Using psychophysics to study outer experience places strict limits on the scope of experimental psychology. According to Wundt, psychology is the study of the elements of immediate conscious experience:

Psychological analysis leaves us with two such elements [of conscious experience], of specifically different character: with sensations, which as the ultimate and irreducible elements of ideas we may term the objective elements of the mental life, and with feelings, which accompany these objective elements as their subjective complements, and are referred not to external things but to the state of consciousness itself. In this sense, therefore, we call blue, yellow, warm, cold, etc., sensations; pleasantness, unpleasantness, excitement, depression, etc., feelings. (1874, p. 12)

Sensations and feelings are the atoms of conscious experience. They are combined by unconscious processes to form the molecules: sensations combine to form ideas; feelings combine to form complex feelings. Wundt’s experimental psychology was reductionist in that it focused on the smallest possible bits of conscious experience. It was also atomistic in that it thought that the elements maintained their identities in whatever context they appeared. (“As conscious contents, blue is and remains blue, and the idea of an object is always a thing ideated in the outside world, whether the external stimulus or the thing outside of us be really present or not” [1874, pp. 13–14].)

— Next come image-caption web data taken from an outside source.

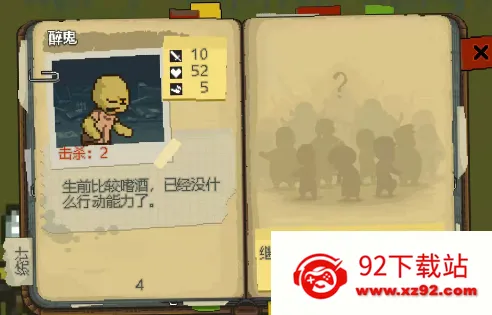 全面僵尸战争破解版 全面僵尸战争破解版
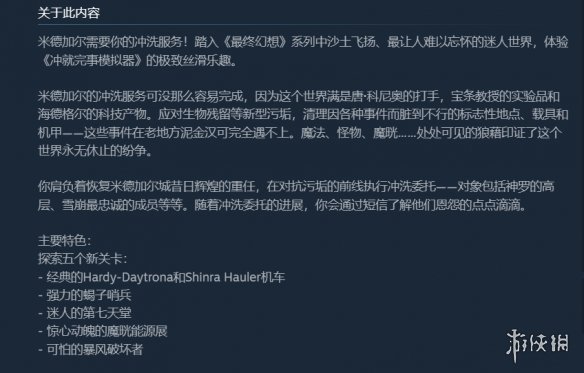 《沖就完事模擬器》DLC聯動《FF7》！3月3號推出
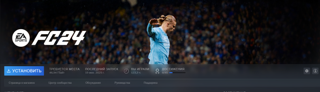 EA SPORTS FC 24ИНДИЯ️STEAM️ РОДНАЯ ПОЧТА️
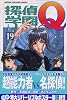 探偵学園Q(19) (講談社コミックス―Shonen magazine comics (3503巻))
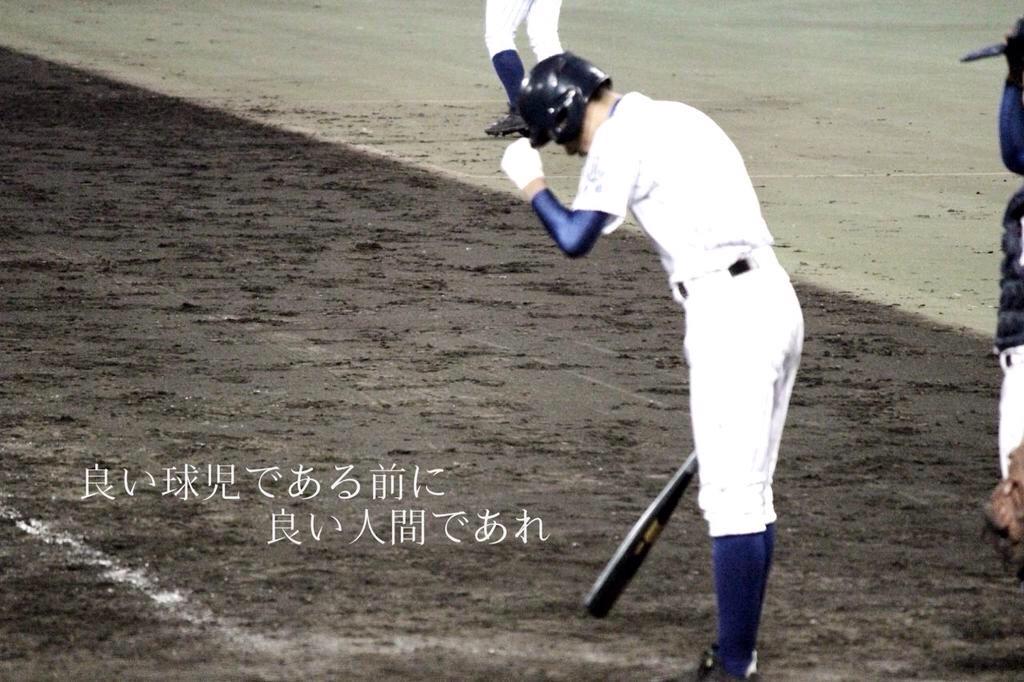 野球垢です😇💠
野球好きと繋がりたい🌼

#野球好きな人
#甲子園見に行く人
#高校球児さん
#野球部のマネさん
#明徳好きな人
#大阪桐蔭
#浦和学院
#今治西
#新田

RTしてくれた人フォローします💎💗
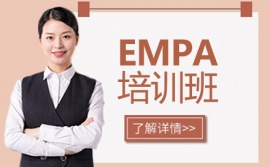 EMBAӖ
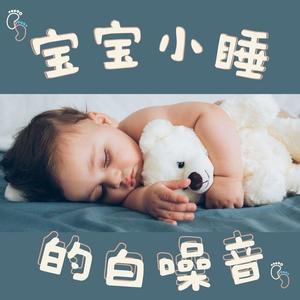 KANJIAN疗愈_静心助眠《环境放松》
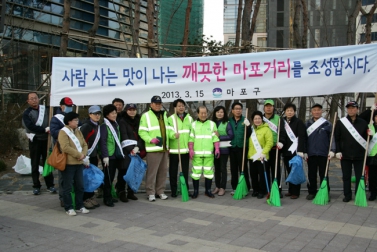 새봄맞이 범구민 참여 일제 대청소의 날 5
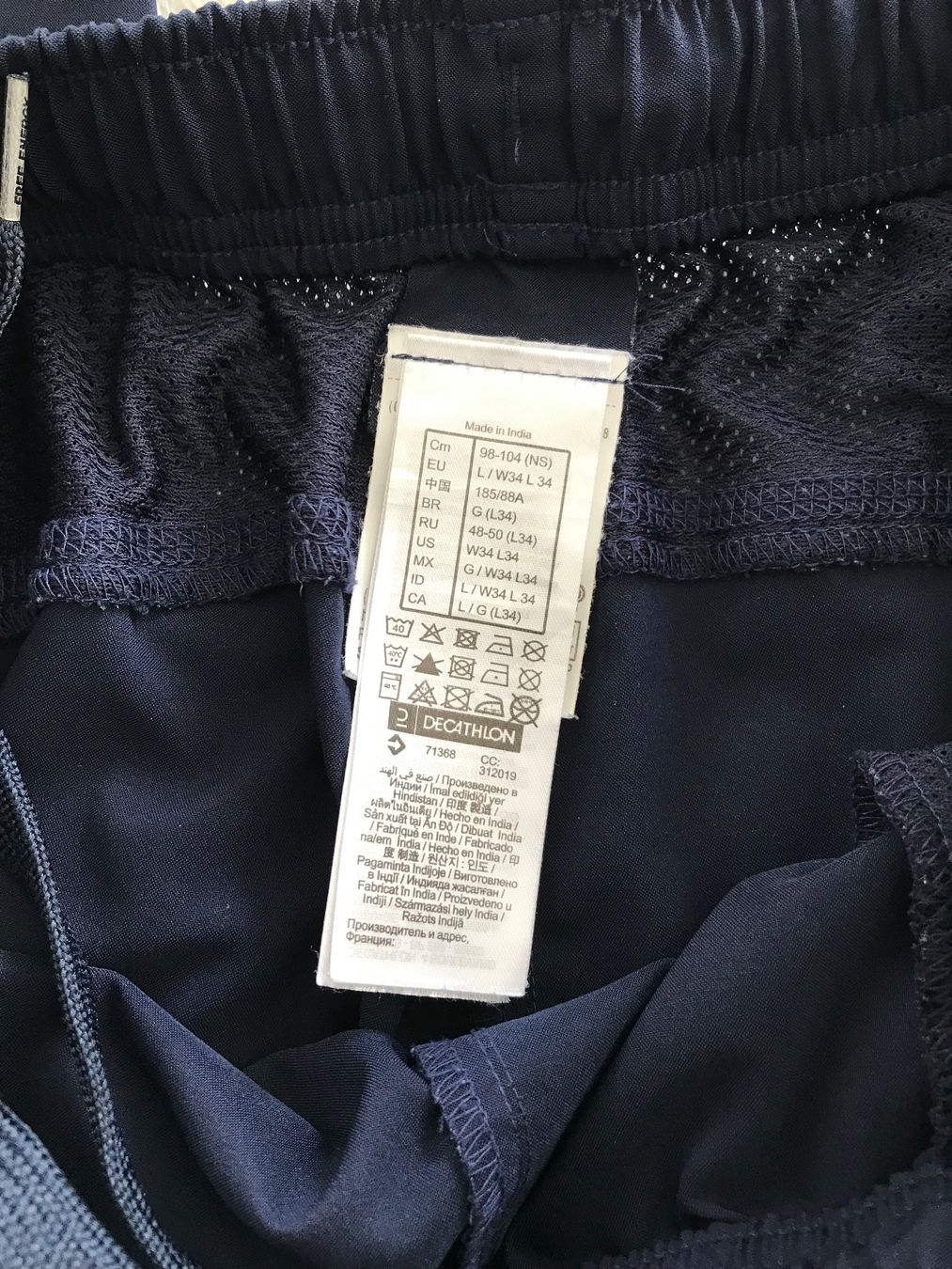 Decathlon Hosen: Trainerhose blau lang Gr. M – Gebraucht aus Niederteufen von mix18 6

Wundt’s pioneering scientific psychology was, thus, a reductionist, atomistic science of outer experience. It was a successful science, and Wundt was very influential. He published more than 60,000 pages during his lifetime, and educated thousands of students in his methods (Fancher 1995). One of these students was William James, the “founding father” of American psychology. James later became an opponent of Wundt’s methods, which he mocked as “brass instrument psychology.” Another was E. B. Titchener, a proponent of Wundt’s methods who founded the psychology department at Cornell. In his 1898 textbook Titchener claimed to have identified more than 30,000 elementary visual sensations (1898b, p. 40). Most importantly for current purposes, Wundt’s was the scientific psychology that was in place when Husserl began his work as a phenomenologist. Husserl criticized Wundt specifically in establishing his phenomenological methods. Moreover, the psychological theories of the first half of the twentieth century that we will discuss later in the book defined themselves explicitly in opposition to Wundt’s views. The Gestalt psychologists, who were profoundly influential on Merleau-Ponty and on Gibson, rejected Wundt’s atomism (see Chapter 5). The functionalists and pragmatists, who were profoundly influential on Gibson, also rejected Wundt’s narrow focus on conscious experience (see Chapter 10).